:: Exercise directions ::
Could you transcribe exactly the lines from the one containing "Fibularis (peroneus) tertius" through the end of the listing below, both included, but none of the pictures?
(The input Opens)
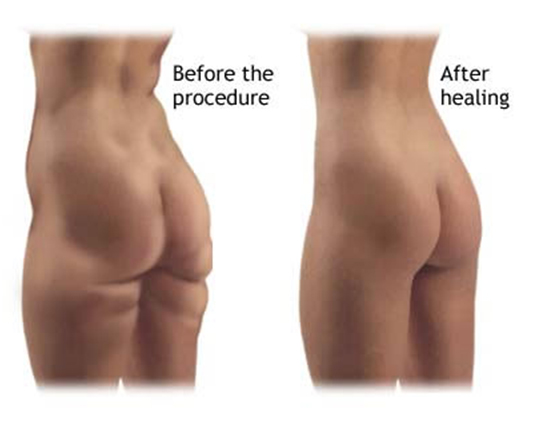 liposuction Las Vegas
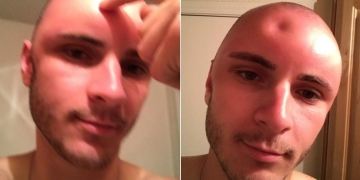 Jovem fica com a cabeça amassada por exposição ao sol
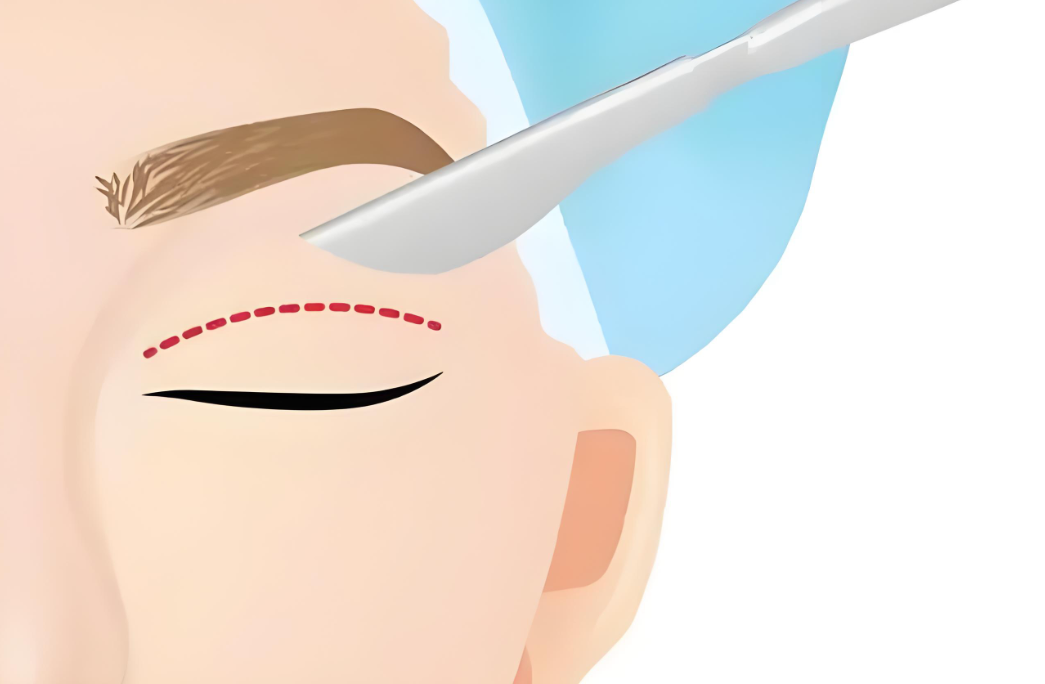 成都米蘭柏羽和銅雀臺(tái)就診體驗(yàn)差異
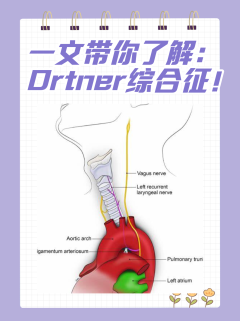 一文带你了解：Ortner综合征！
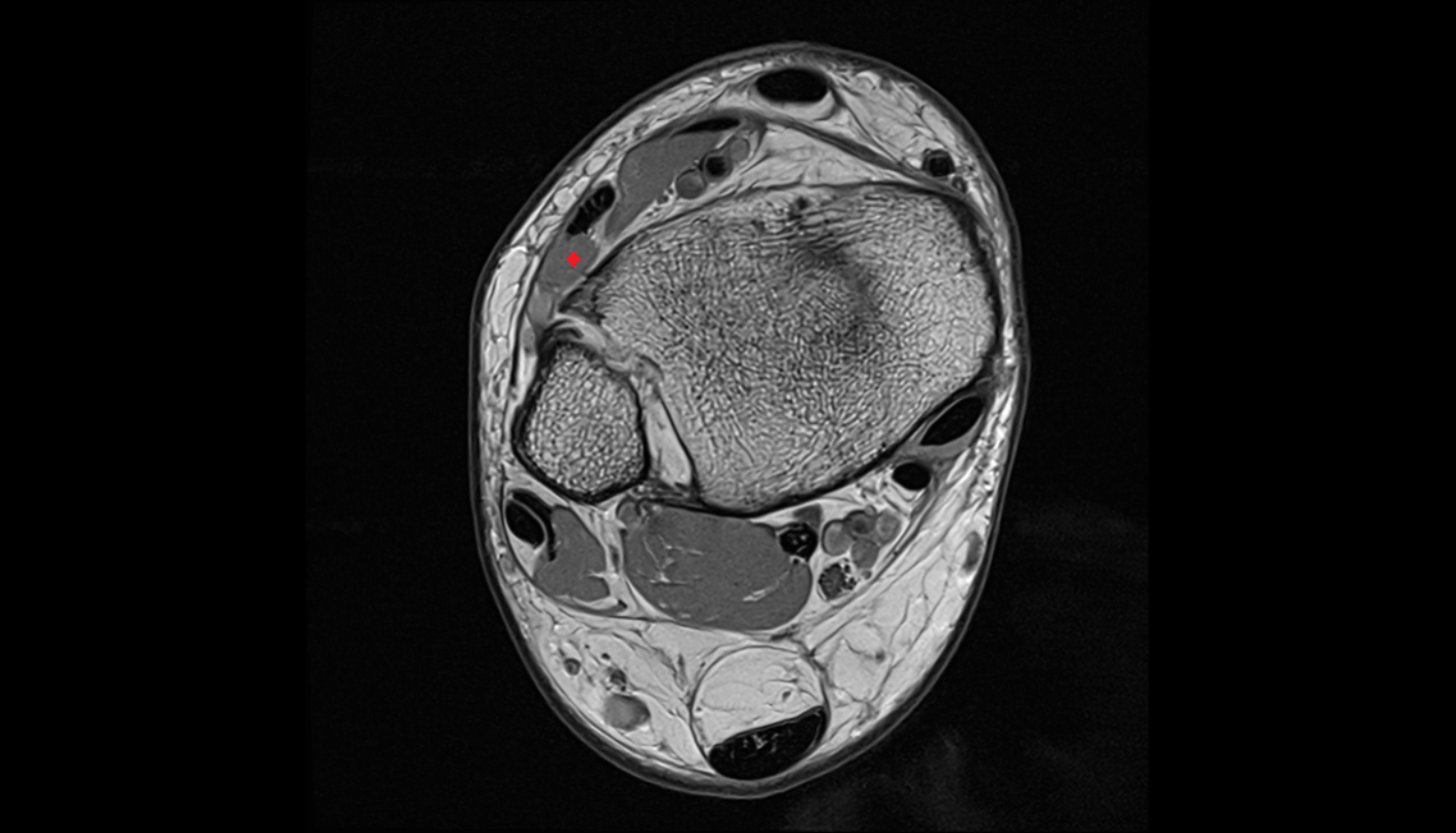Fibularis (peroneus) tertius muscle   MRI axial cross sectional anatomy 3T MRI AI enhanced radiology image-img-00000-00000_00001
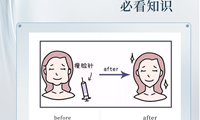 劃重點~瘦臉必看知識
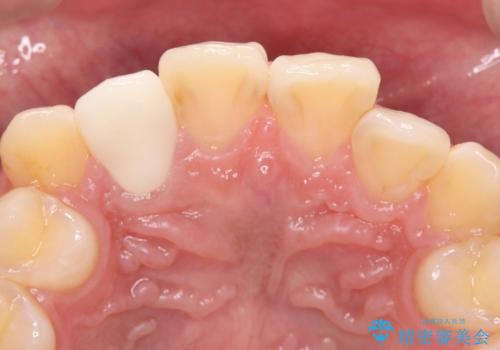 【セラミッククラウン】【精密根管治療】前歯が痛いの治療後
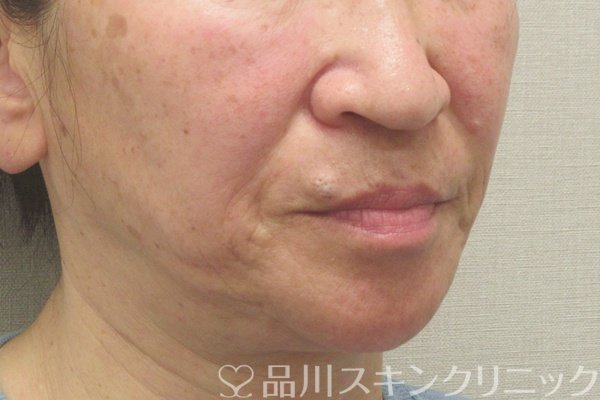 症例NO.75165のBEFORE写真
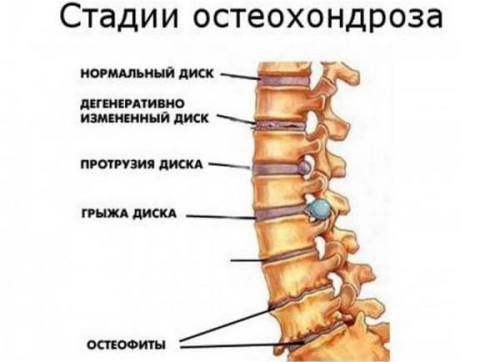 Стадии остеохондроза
(The input Closes)
:: Task result ::
Fibularis (peroneus) tertius muscle   MRI axial cross sectional anatomy 3T MRI AI enhanced radiology image-img-00000-00000_00001
 劃重點~瘦臉必看知識
 【セラミッククラウン】【精密根管治療】前歯が痛いの治療後
 症例NO.75165のBEFORE写真
 Стадии остеохондроза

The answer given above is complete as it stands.